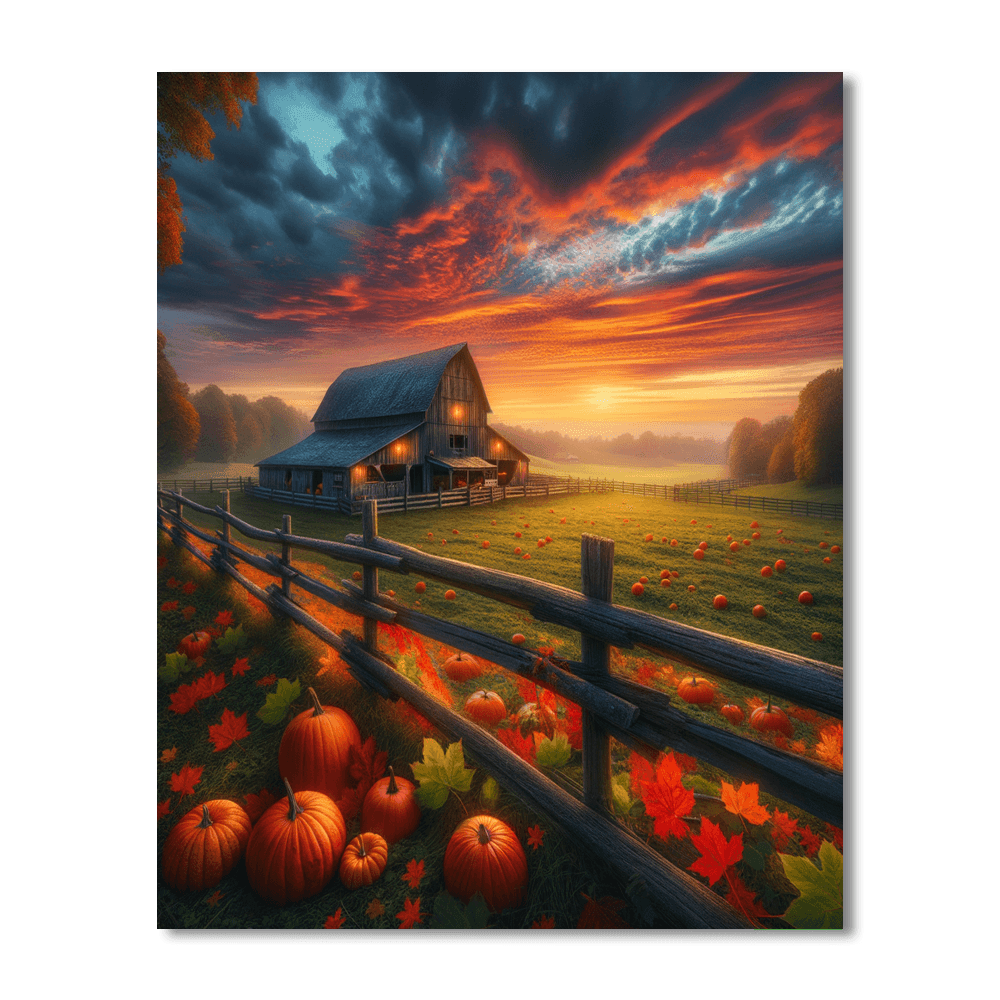 Autumn Harvest at Sunset - DIY Painting By Numbers Kit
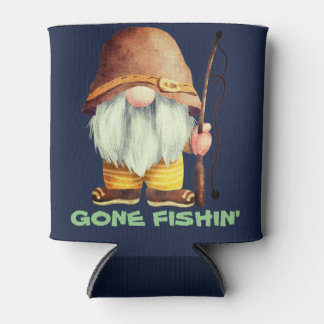 Gone Fishin' Vintage Retro Gnome With Fishing pole Can Cooler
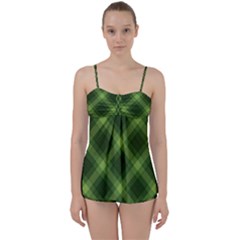 Dark Green Diagonal Plaid Babydoll Tankini Set by NorthernWhimsy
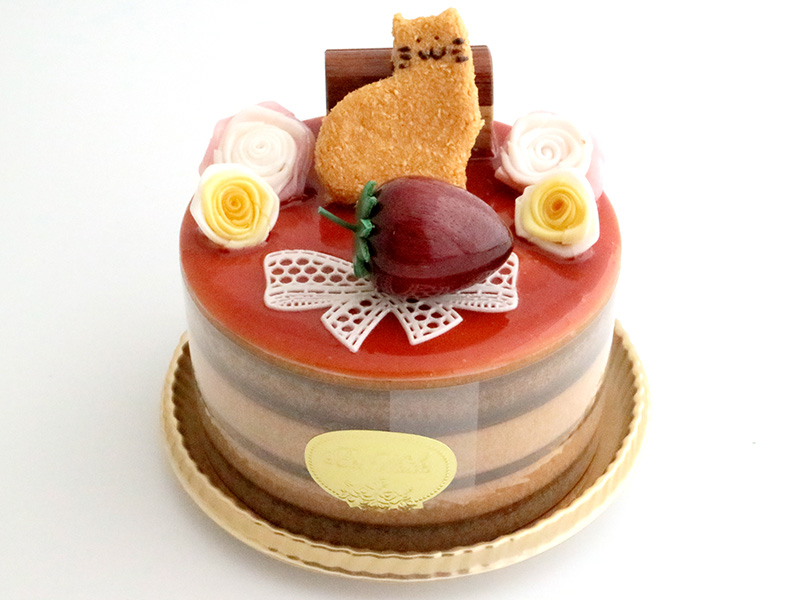 de272　ねこクッキーにいちご（3号ホール）ケーキオルゴール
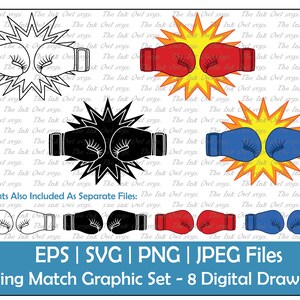 Boxing Glove Fight Match Vector Clipart Set / Esquema, Sello y Gráficos en Color / Equipo Deportivo / PNG, JPG, SVG, Eps
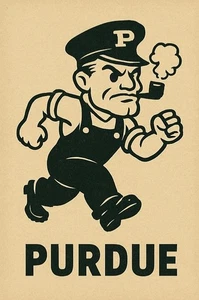 Letrero de metal de 12x8 pulgadas con logotipo de mascota antigua vintage de Purdue NCAA College nj - Imagen 1 de 1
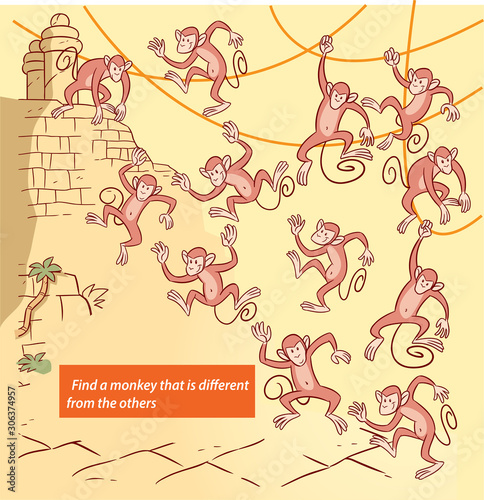 The illustration shows a puzzle where you need to find a monkey that is different from all others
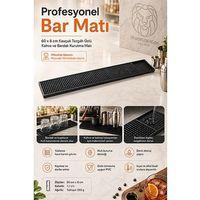 Profesyonel Bar Matı 60x8 cm Kauçuk Tezgah Üstü Kahve ve Bardak Kurutma Matı Siyah Kaymaz Bar Lastiği 723463
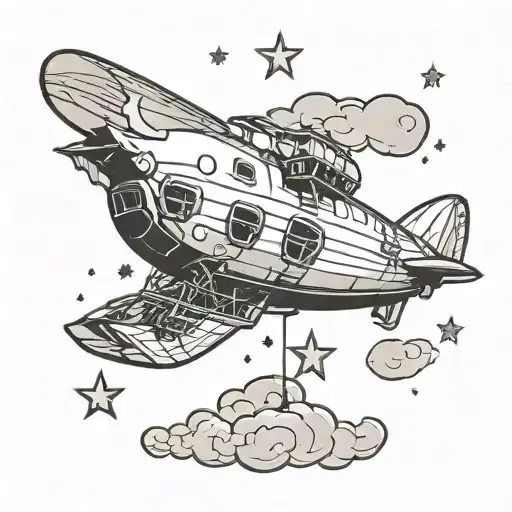 blimp with star   tattoo design idea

------

# [HOW TO COMPLETE THIS TASK]
The full listing must come back exactly as written, with its pictures left out.

# [TASK RESULT]
 Autumn Harvest at Sunset - DIY Painting By Numbers Kit
 Gone Fishin' Vintage Retro Gnome With Fishing pole Can Cooler
 Dark Green Diagonal Plaid Babydoll Tankini Set by NorthernWhimsy
 de272　ねこクッキーにいちご（3号ホール）ケーキオルゴール
 Boxing Glove Fight Match Vector Clipart Set / Esquema, Sello y Gráficos en Color / Equipo Deportivo / PNG, JPG, SVG, Eps
 Letrero de metal de 12x8 pulgadas con logotipo de mascota antigua vintage de Purdue NCAA College nj - Imagen 1 de 1
 The illustration shows a puzzle where you need to find a monkey that is different from all others
 Profesyonel Bar Matı 60x8 cm Kauçuk Tezgah Üstü Kahve ve Bardak Kurutma Matı Siyah Kaymaz Bar Lastiği 723463
 blimp with star   tattoo design idea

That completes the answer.